さらに、ソフトバンクのような資本力のあるプレイヤーが大規模に参入すれば、AIクラウド市場は急速に競争が激しくなる可能性があります。
市場全体の需要は拡大しているものの、供給者が増えれば価格競争が起こるリスクもあります。特に、純粋なネオクラウド企業にとっては、利益率の低下や差別化の難しさが課題になるかもしれません。
今後のAIクラウド市場では、圧倒的な資本力を持つ企業、または圧倒的な供給能力を持つ企業が優位に立つ可能性が高いです。
勝敗を分けるのは資本力だけではない
メタの最大1450億ドル規模の投資計画も、ソフトバンクの10ギガワット規模の構想も、スケールという面では非常に大きなインパクトがあります。
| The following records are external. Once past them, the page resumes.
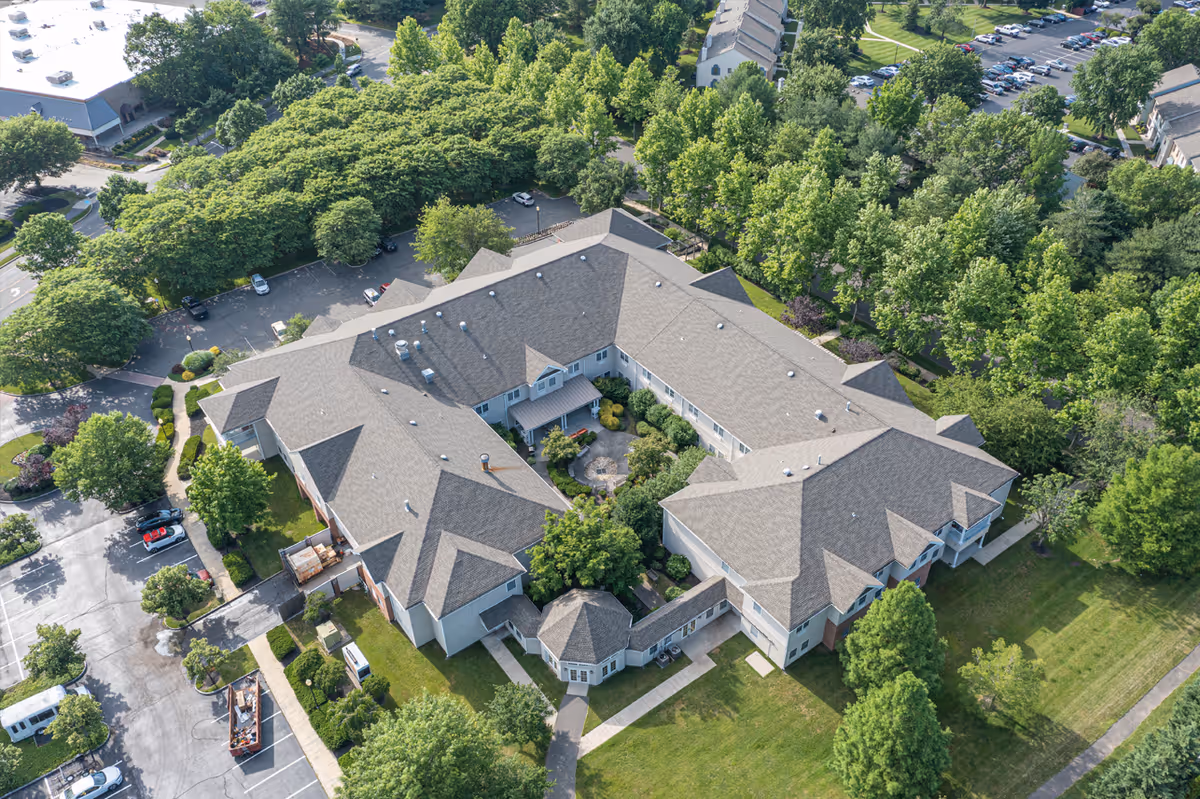 Aerial view of a large senior living facility named Rose Hill surrounded by trees and greenery, with a central courtyard garden and adjacent parking lots.
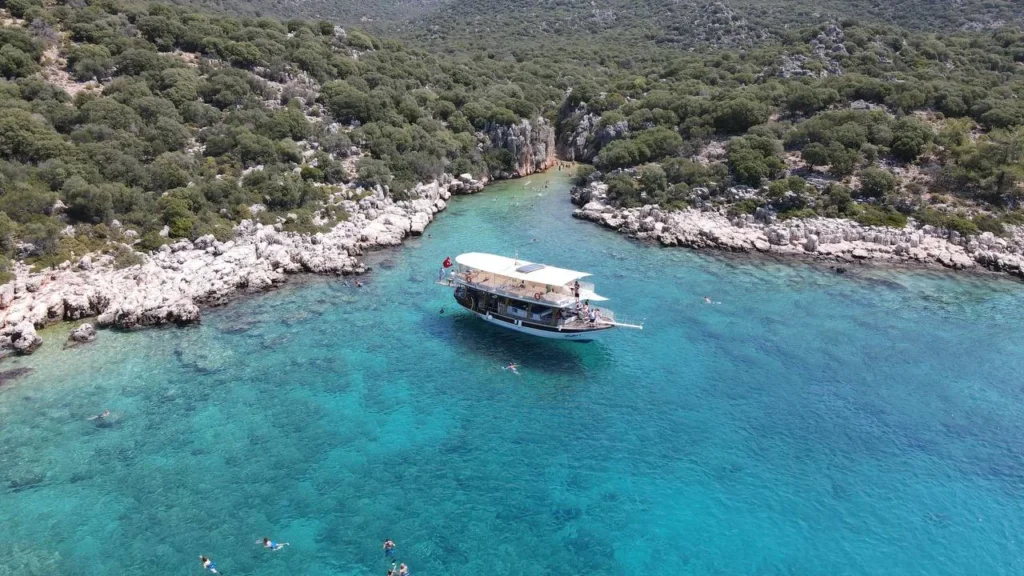 Boat and clear sea in İnönü Bay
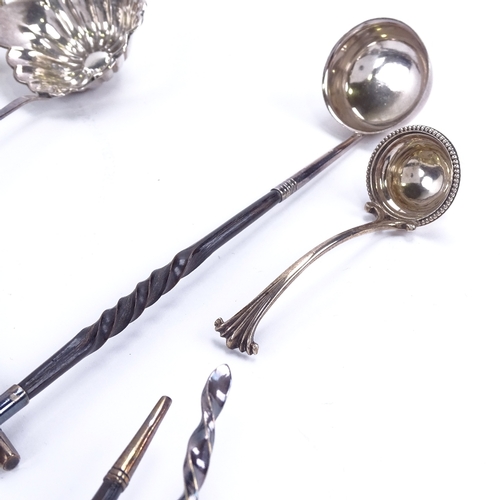 1624 - A large quantity of silver and silver plated toddy ladles and sifter spoon, including models with tw... 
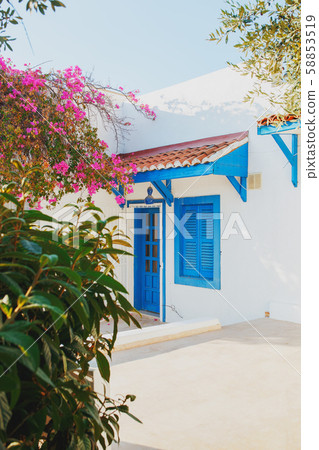 Traditional white greek house with blue windows 58853519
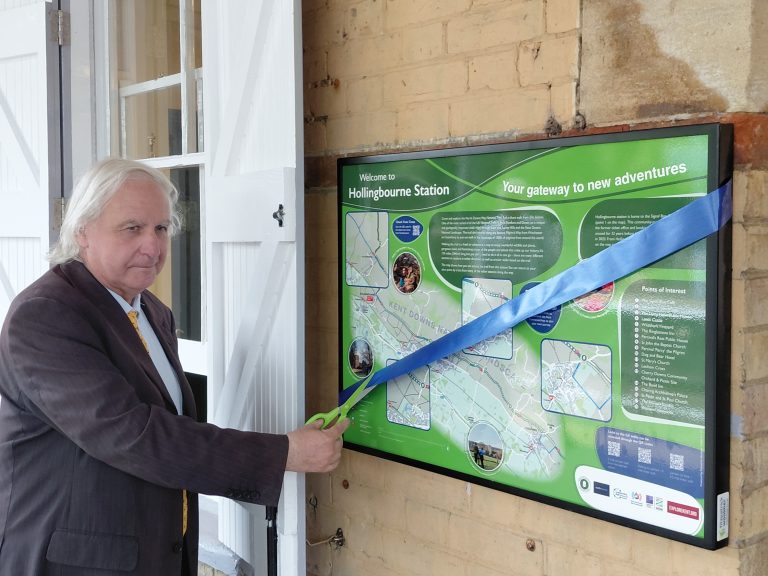 Clive cuts the ribbon across the new information panel at Hollingbourne station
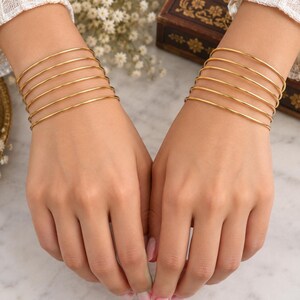 Peut inclure: Un ensemble de douze joncs fins en métal doré poli portés aux poignets. Chaque poignet présente six bracelets circulaires individuels, lisses, uniformes en épaisseur et en couleur, créant un aspect empilé sur les deux bras.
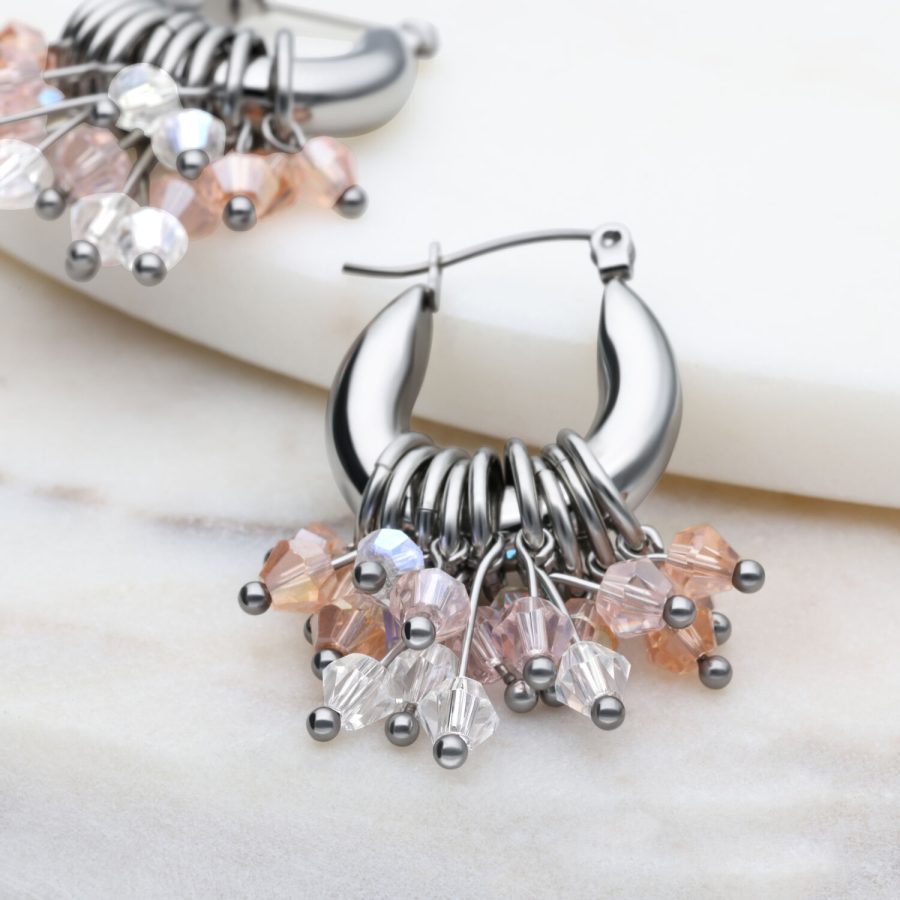 Silberne Glamour Hoops Ohrringe mit bunten Kristallen auf marmoriertem Hintergrund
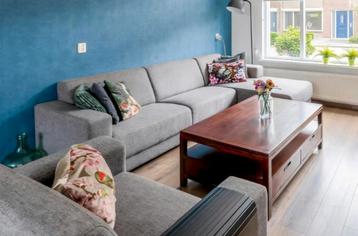 Grijze stoffen hoekbank met loveseat / stoel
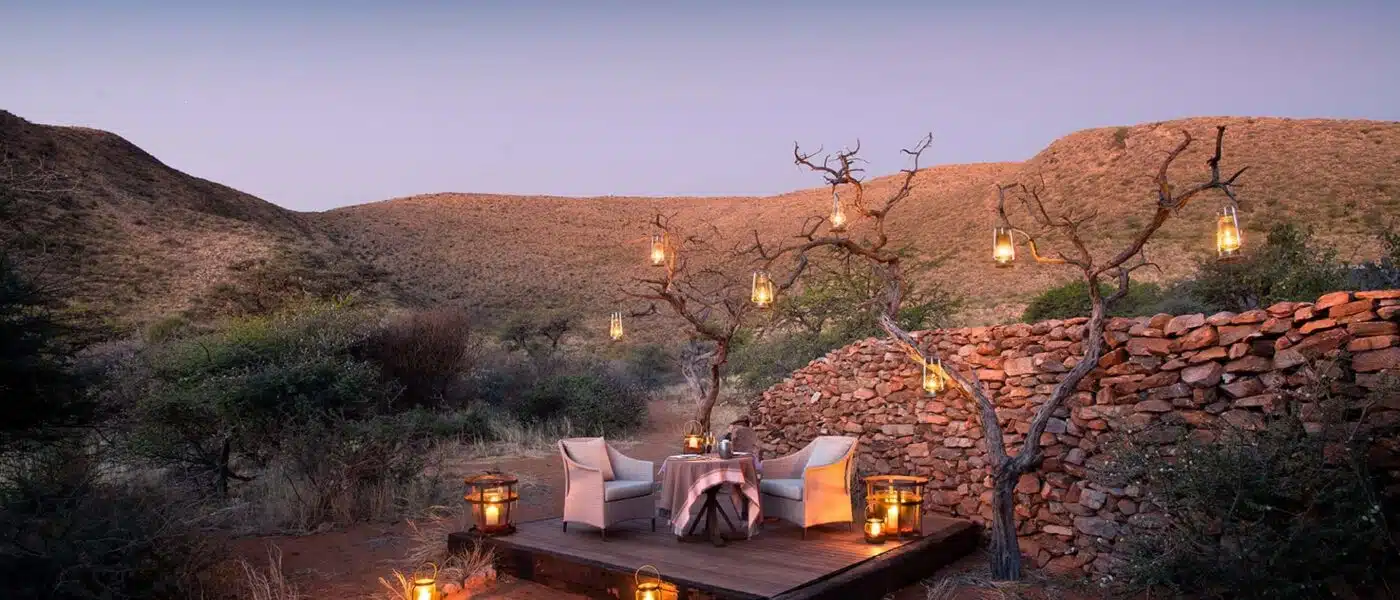 Couple at a private table as the dunes change color at sunset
しかし、AIインフラ市場で本当に重要なのは、資金の大きさだけではありません。
投資家が注目すべきなのは、どの企業が最も早く、実際に顧客が使える計算能力を市場に届けられるかです。つまり、タイム・トゥ・マーケットが勝敗を左右します。
AI開発企業は、数年後に完成するインフラではなく、今すぐ使える計算資源を求めています。どれだけ壮大な計画であっても、建設や電力確保、GPU調達が遅れれば、競争優位にはつながりません。
メタは自社のAI需要と外販事業のバランスをどう取るのか。ソフトバンクは10ギガワット規模の構想をどれだけ迅速に実行へ移せるのか。この2点が、今後の注目ポイントになります。
AIインフラ戦争は、モデル開発競争の裏側で静かに進んでいた段階から、巨大企業が本格参入する第2章へ移りました。今後は、AIモデルそのものだけでなく、それを支える電力、データセンター、GPU供給網を押さえる企業が、次の主役になる可能性があります。
情報ソース: Barron’s: “ Meta Stock Falls as AI Cloud Plans Hit an Immediate Snag” (By Adam Clark, July 02, 2026)
※本記事は情報の提供を目的としており、特定の銘柄への投資を推奨するものではありません。投資は自己責任で行ってください。